**Problem to solve**
In the copy, include no pictures. Reproduce the rest of the entries exactly.

**Information shown**

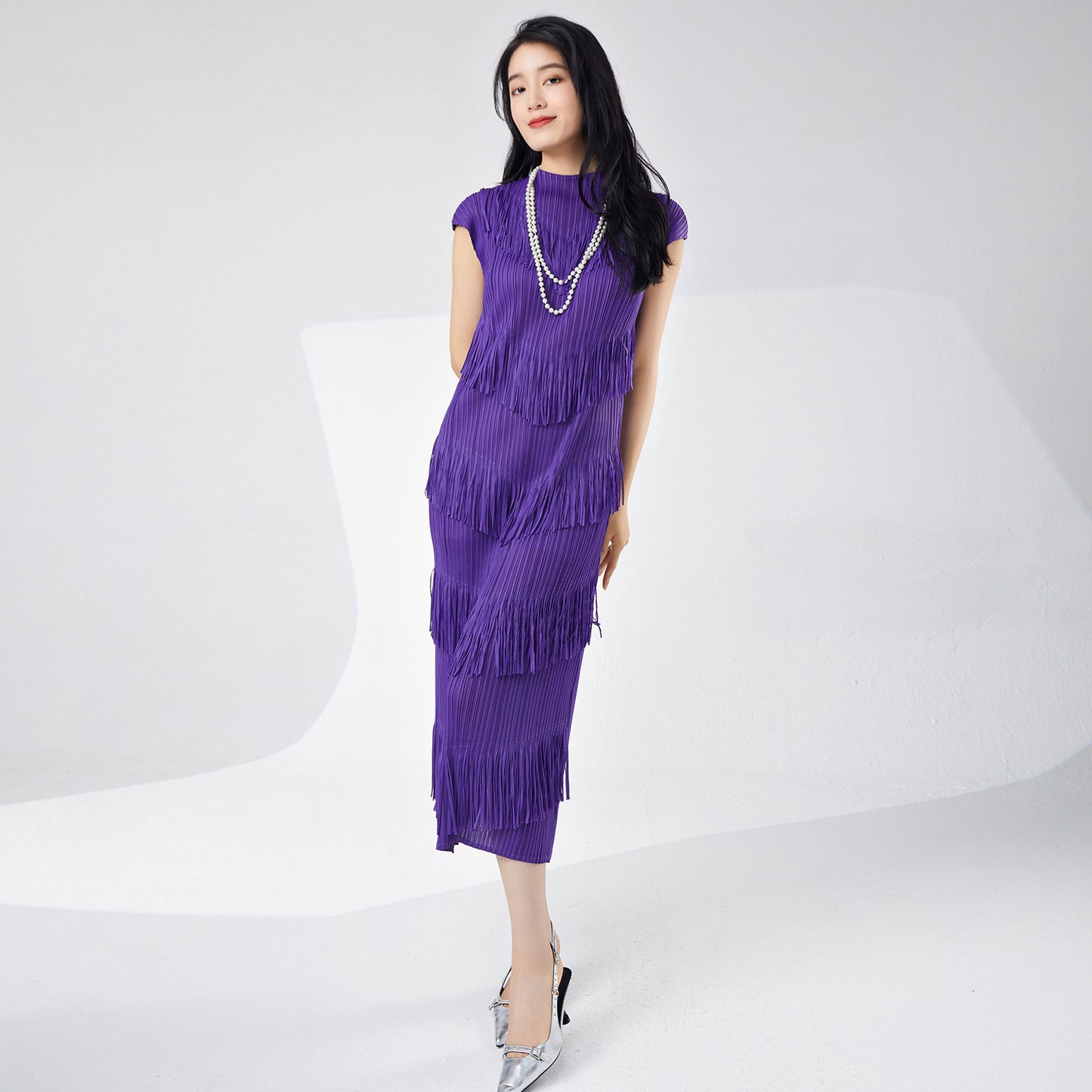 Hot-selling summer women's pleated dress, high-end sense fringed short-sleeved temperament, elegant straight medium and long skirt, Popular style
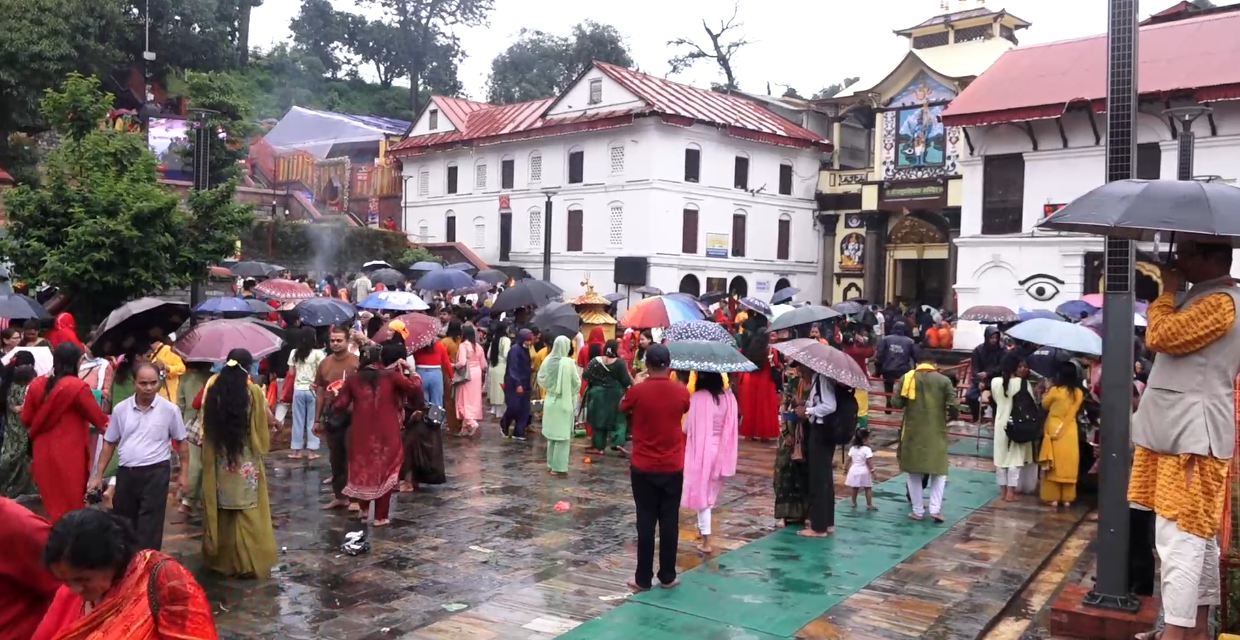 साउने दोस्रो सोमबार : पशुपतिनाथसहित देशभरका शिवालयमा भक्तजनको घुईँचो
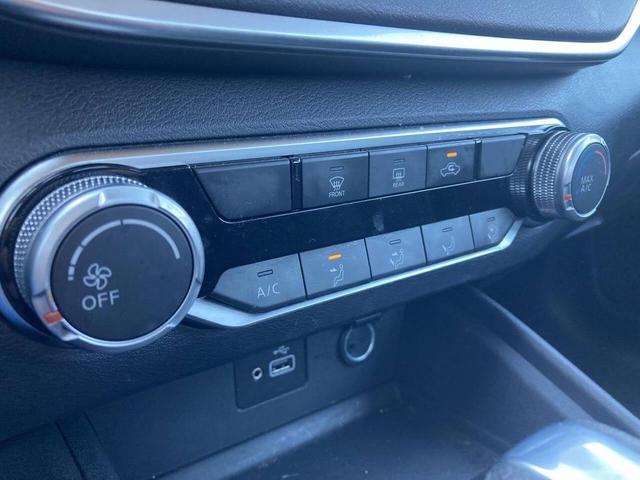 Photo of 2022 Glacier White Nissan Altima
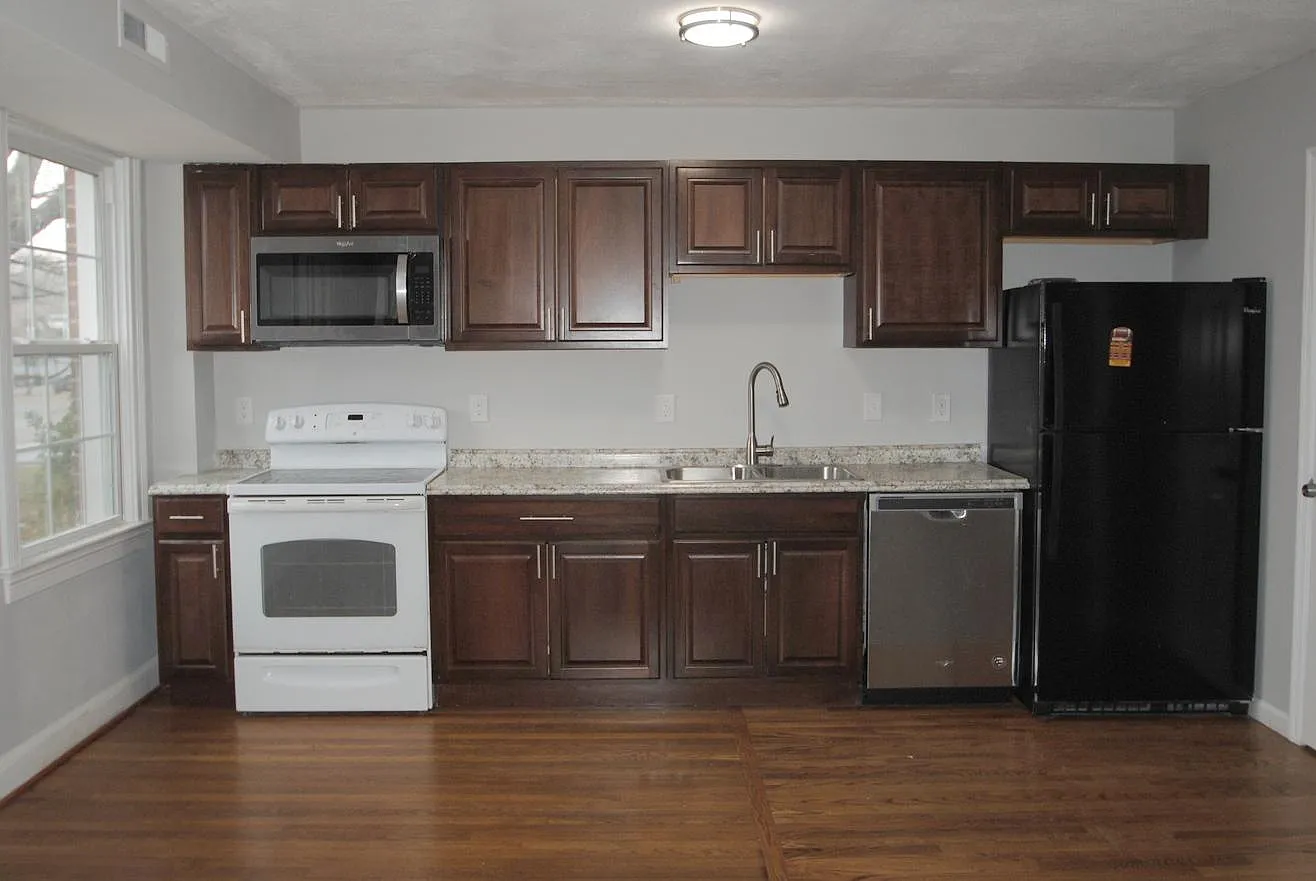 2 bed, 1000 sqft, $2,450 — Photo 1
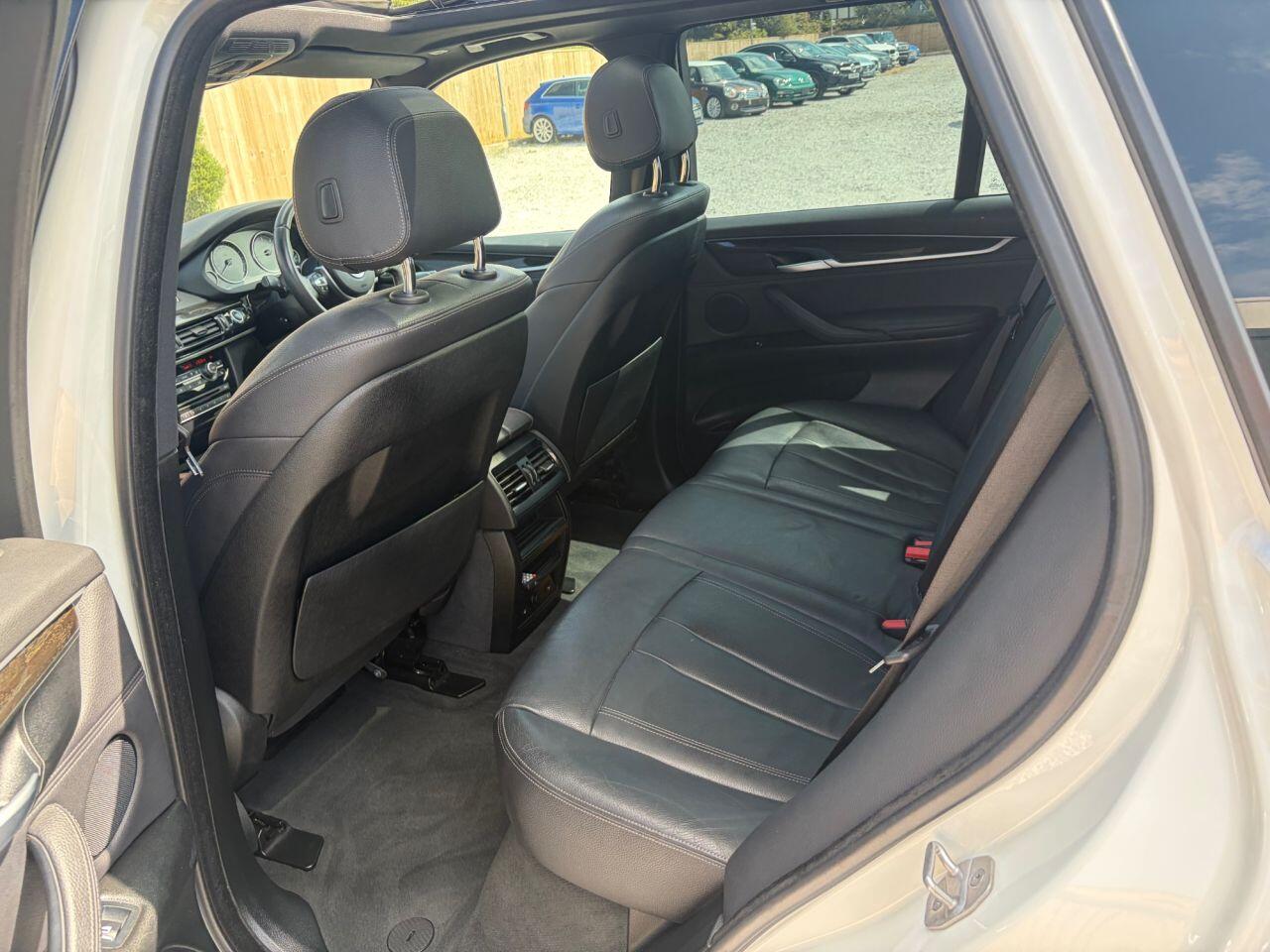 BMW X5 view 23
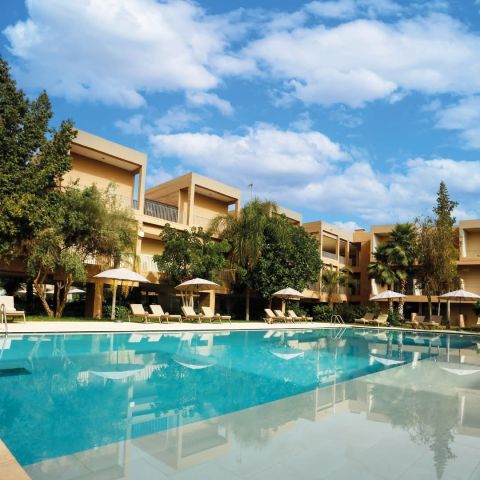 سائق خاص للسيدات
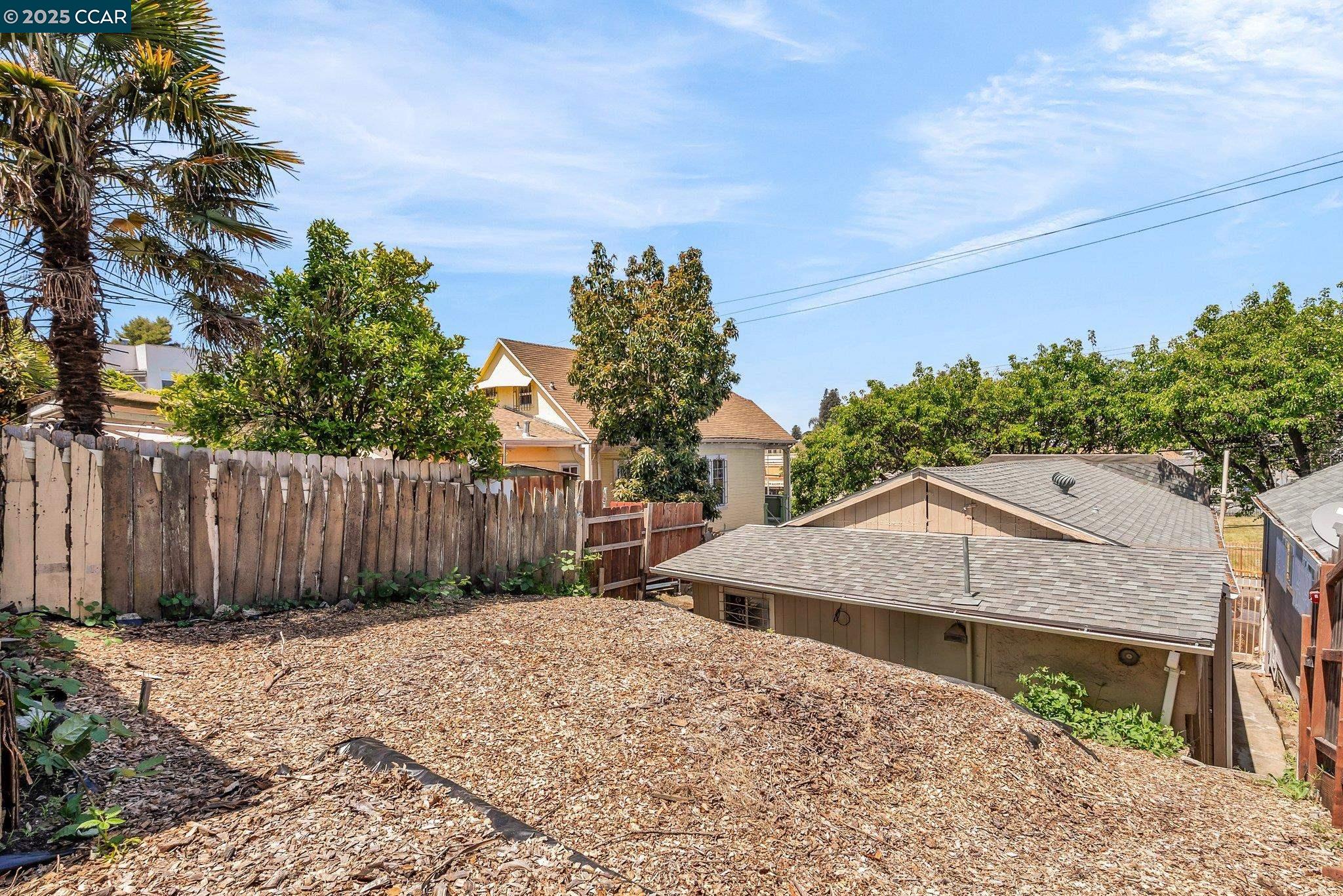 Detail Gallery Image 49 of 50 For 2150 35th Ave, Oakland,  CA 94601 - – Beds | – Baths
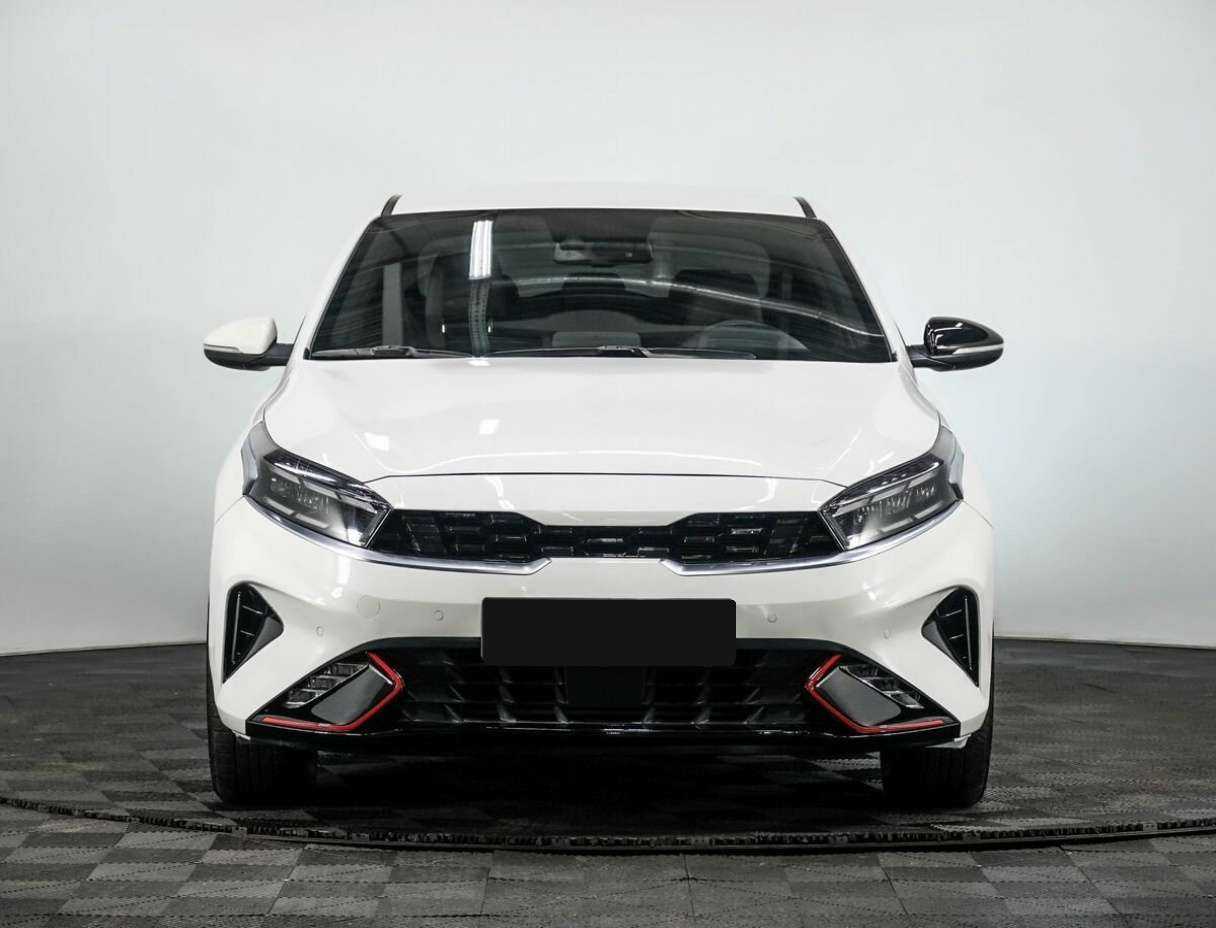 Купить Kia Cerato с пробегом. Фото: #1
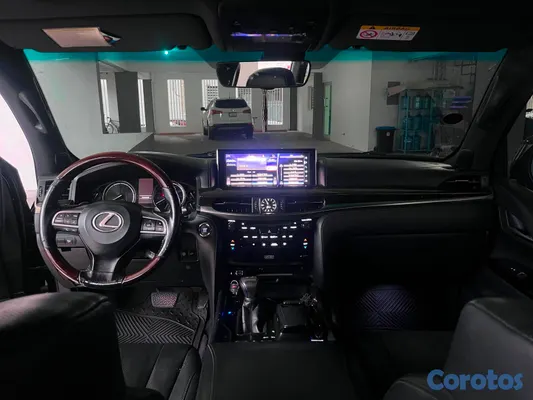 2018 Lexus Lx — foto 5 / 8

**Answer to this task**
 Hot-selling summer women's pleated dress, high-end sense fringed short-sleeved temperament, elegant straight medium and long skirt, Popular style
 साउने दोस्रो सोमबार : पशुपतिनाथसहित देशभरका शिवालयमा भक्तजनको घुईँचो
 Photo of 2022 Glacier White Nissan Altima
 2 bed, 1000 sqft, $2,450 — Photo 1
 BMW X5 view 23
 سائق خاص للسيدات
 Detail Gallery Image 49 of 50 For 2150 35th Ave, Oakland,  CA 94601 - – Beds | – Baths
 Купить Kia Cerato с пробегом. Фото: #1
 2018 Lexus Lx — foto 5 / 8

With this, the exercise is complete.